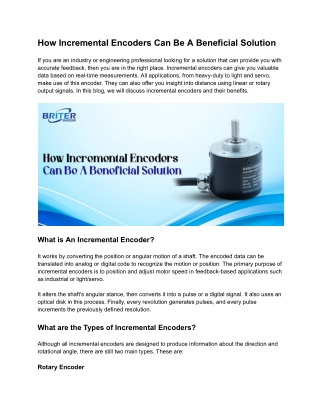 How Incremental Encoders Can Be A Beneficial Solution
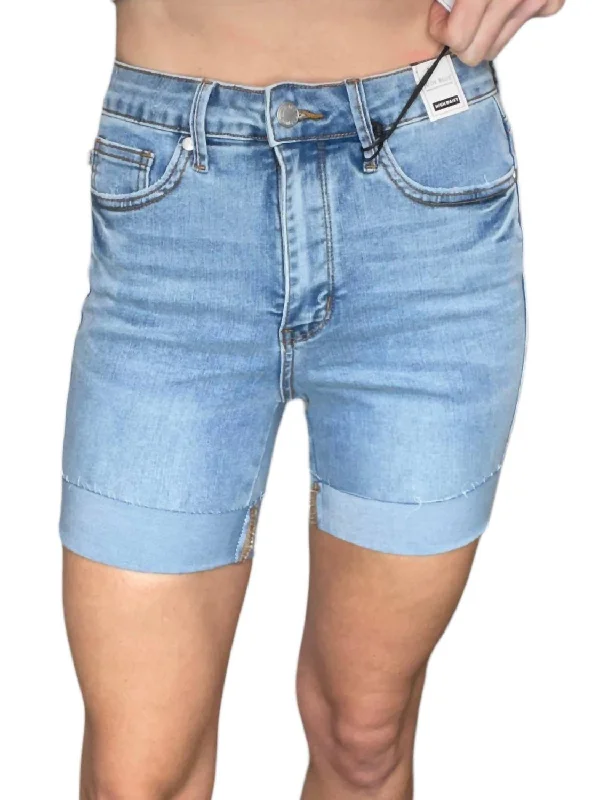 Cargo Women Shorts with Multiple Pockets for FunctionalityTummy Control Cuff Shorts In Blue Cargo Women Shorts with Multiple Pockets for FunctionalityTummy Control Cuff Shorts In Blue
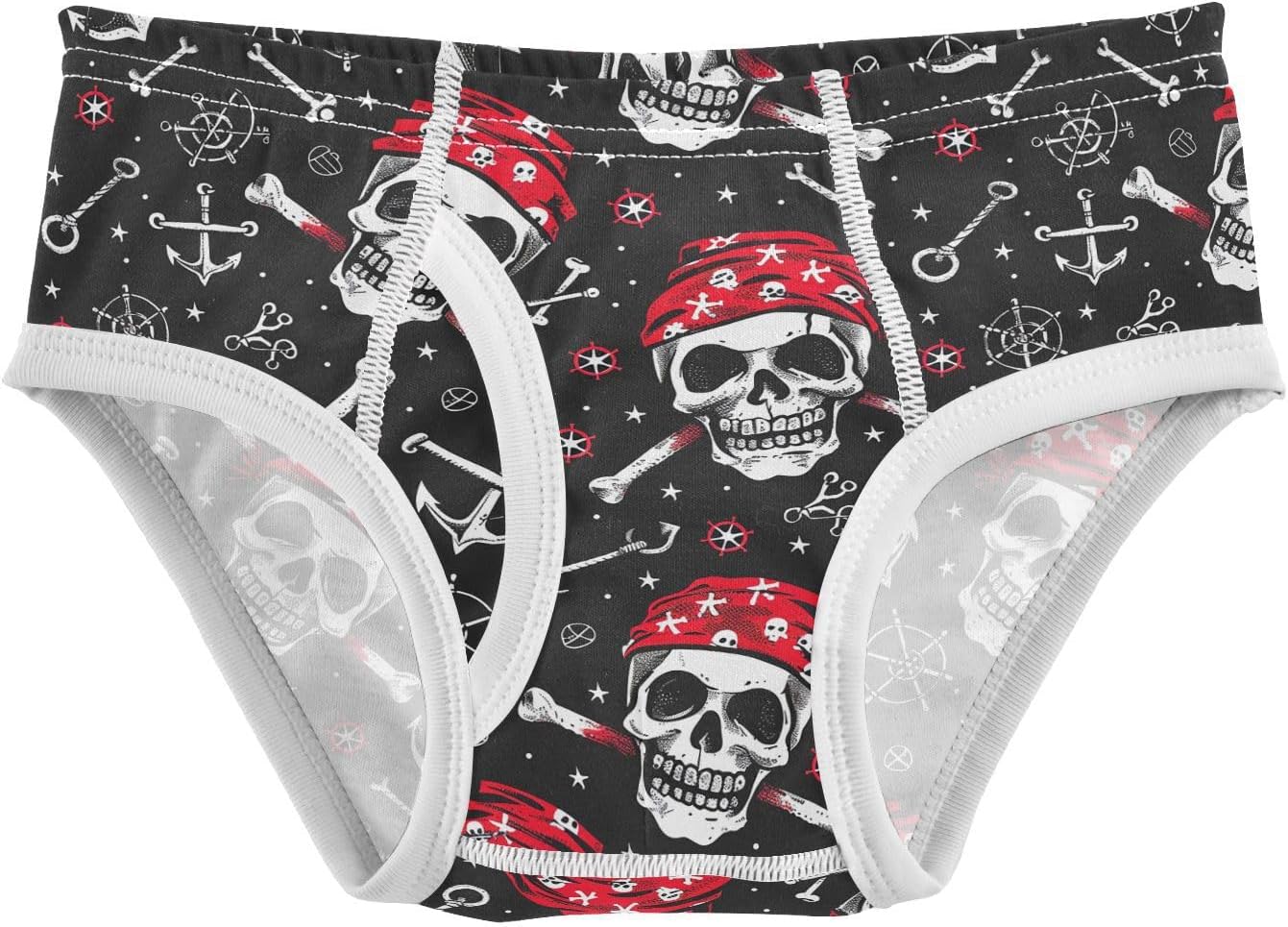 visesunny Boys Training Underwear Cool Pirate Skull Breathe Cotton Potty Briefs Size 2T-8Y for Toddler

# EXERCISE AIM:
Would you return the data above exactly as written, minus the images?

# WRITTEN REPLY:
 How Incremental Encoders Can Be A Beneficial Solution
 Cargo Women Shorts with Multiple Pockets for FunctionalityTummy Control Cuff Shorts In Blue Cargo Women Shorts with Multiple Pockets for FunctionalityTummy Control Cuff Shorts In Blue
 visesunny Boys Training Underwear Cool Pirate Skull Breathe Cotton Potty Briefs Size 2T-8Y for Toddler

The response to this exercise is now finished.